AVC: Rock stars aren't known for sustaining long-lasting relationships, but you've been with Linda for decades now, and you stayed close with Gypsy Dave, who you were friends with before you were famous. How do you do that?
D: [Laughs.] Oh, gosh, you can look at it in different ways. The '60s wrecked most relationships in the popular music world that I lived through. Fame would do that. Too much time away from each other, extraordinary things happening outside your house, fans camping in your garden, your children being ridiculed at school—celebrity stories all over the place. But Linda and I met in 1965 and then parted after a wonderful affair when, as the book tells, she had to grow up. She was so young. She also had a child with Brian Jones and was still trying to come to terms with being the first charismatic girlfriend of the first charismatic star in Britain and the music world. So when we met, we fell in love, but then we kind of divorced without marrying. We spent the '60s apart. That is one of the elements why Linda and I survived the '60s. But why the longevity? We've been friends. We share the same interests. You might say it's astrological.

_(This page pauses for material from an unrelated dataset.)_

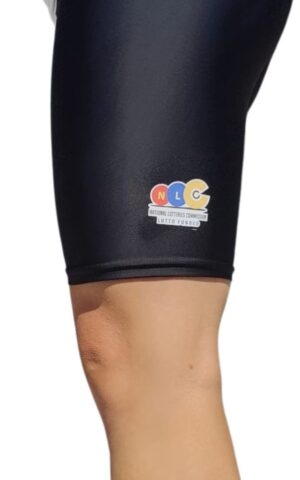 Women's Black Gym Shorts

Gypsy Dave and I, when we put our thumbs out in the road in 1964, at the age of 16, we were vagabonds. Society was something to leave. The camaraderie that you find and shared experiences when you're young… When you meet again, there's a knowingness when you look at each other, because you've experienced something at very, very important times of your life. We haven't seen each other off and on for five or six years at a time, but we're always close. When I met George Harrison—who we all miss tremendously—he said, "It's always nice to see you, Don, because you never ask any questions." There's something about friendship that there's not much you have to say to each other.

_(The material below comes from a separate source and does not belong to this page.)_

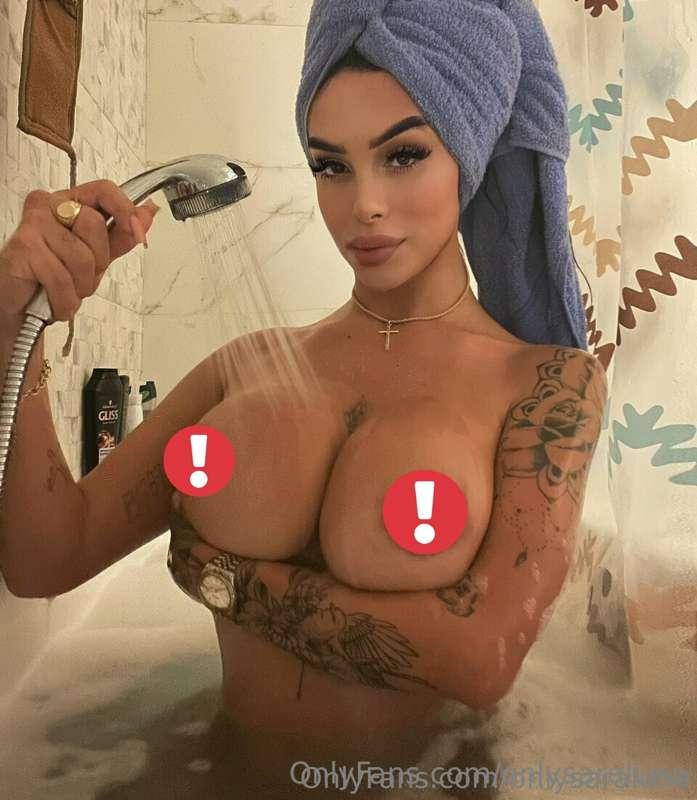 Hey my loves, do you want a shower with me? 🚿🥵❤️ unlock now ..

AVC: You spent a lot of time assembling the new box set and digging through your past for your autobiography. What did you find that surprised you?
D: I've been picking away at it for over 30 years, with memoirs and journals and diaries and little scribbles here and there. I learned more about myself than any reader would, extraordinary things about my past—the first 10 years of my life in Glasgow, that was interesting. I was a sick child, and it was post-war and the bombed buildings… kids running after the disaster of the Second World War. Families torn up. It was very emotional, but then I saw the smiles and I remembered the poetry and looked at the photographs—my father was a photographer—and saw the child smiling, people smiling in the face of disaster. It was hard, but I managed to get in there, and I'm glad I did.

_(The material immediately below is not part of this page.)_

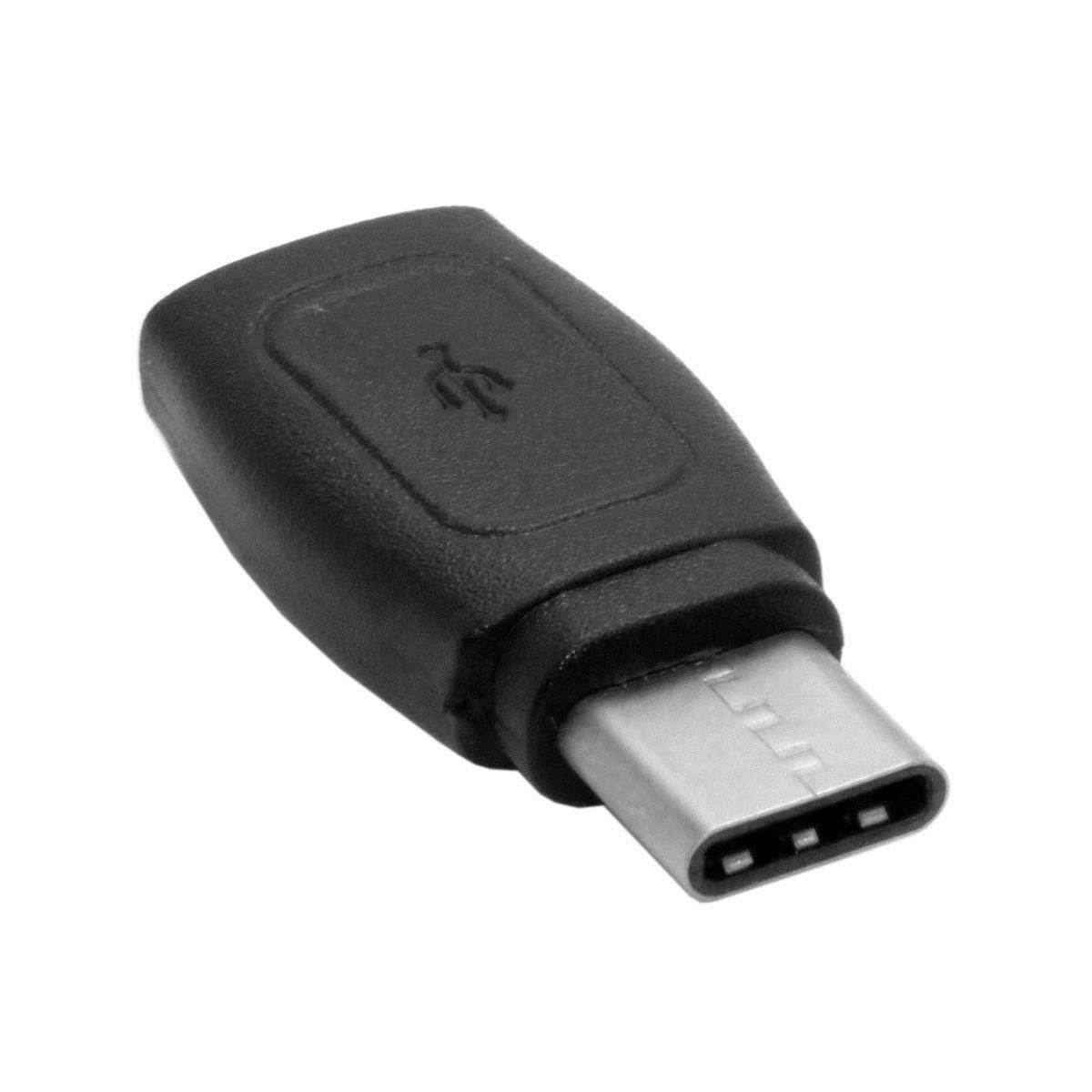 USB 3.1 Type C Male to USB-C Female Data Extension Adapter for Nokia N1 Tablet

I learned about a lot of things. Learned how much I loved Linda in those early days, and just had to listen to the songs to see my life open up. I saw changes and I saw bravery. We courageous poets were standing up and presenting, through the medium of pop music, important issues in popular song. Not sitting back and combing our hair and enjoying the money on a yacht in Greece, but actually going for it. And I didn't realize that I'd spent more time—spiritually, socially, and musically—with four guys called The Beatles than any in my generation. I didn't understand that until I read the book. We had a kind of a—what did I say, unspoken bond? There was something happening to us that was extraordinary. We were so experimental that we could go anywhere that we liked with no rules. We knew no rules in music, and we liked each other that way.